## ACTIVITY
From top to bottom, retype the data exactly, passing over any picture.

*** EXERCISE DATA

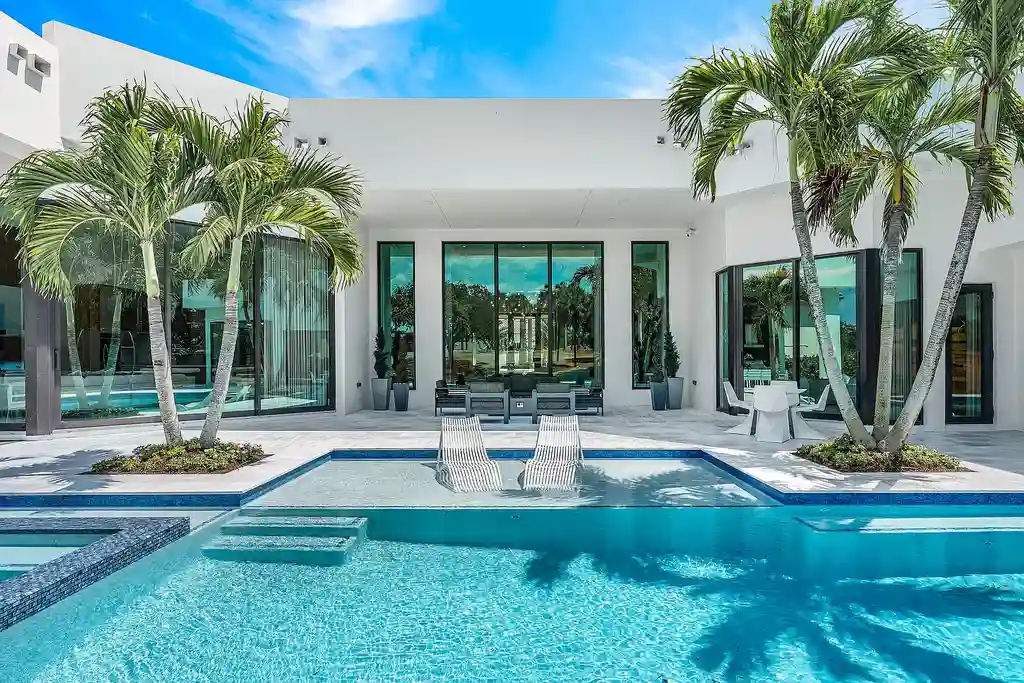 A $12.5 Million Contemporary Estate Redefines Luxury Living in Boca Raton’s Prestigious St Andrews Country Club 6 Modern luxury home at 17699 Lake Estates Drive in Boca Raton featuring a resort-style pool, expansive glass architecture, and contemporary design in St Andrews Country Club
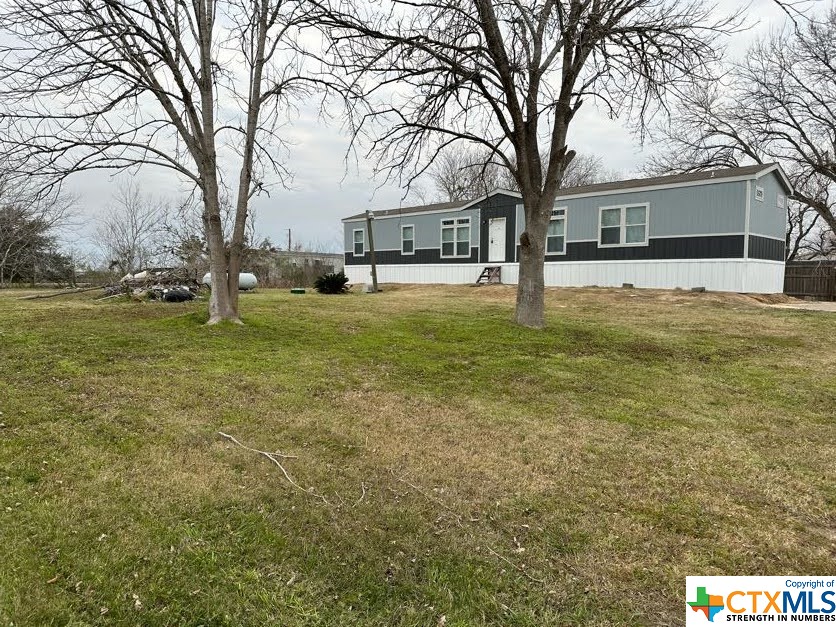 a view of a yard with a house and large trees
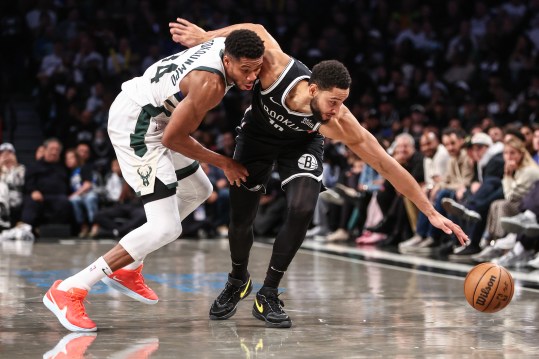 Oct 27, 2024; Brooklyn, New York, USA;  Milwaukee Bucks forward Giannis Antetokounmpo (34) and Brooklyn Nets guard Ben Simmons (10) fight for a loose ball in the fourth quarter at Barclays Center. Mandatory Credit: Wendell Cruz-Imagn Images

******

## WRITTEN SOLUTION
 A $12.5 Million Contemporary Estate Redefines Luxury Living in Boca Raton’s Prestigious St Andrews Country Club 6 Modern luxury home at 17699 Lake Estates Drive in Boca Raton featuring a resort-style pool, expansive glass architecture, and contemporary design in St Andrews Country Club
 a view of a yard with a house and large trees
 Oct 27, 2024; Brooklyn, New York, USA;  Milwaukee Bucks forward Giannis Antetokounmpo (34) and Brooklyn Nets guard Ben Simmons (10) fight for a loose ball in the fourth quarter at Barclays Center. Mandatory Credit: Wendell Cruz-Imagn Images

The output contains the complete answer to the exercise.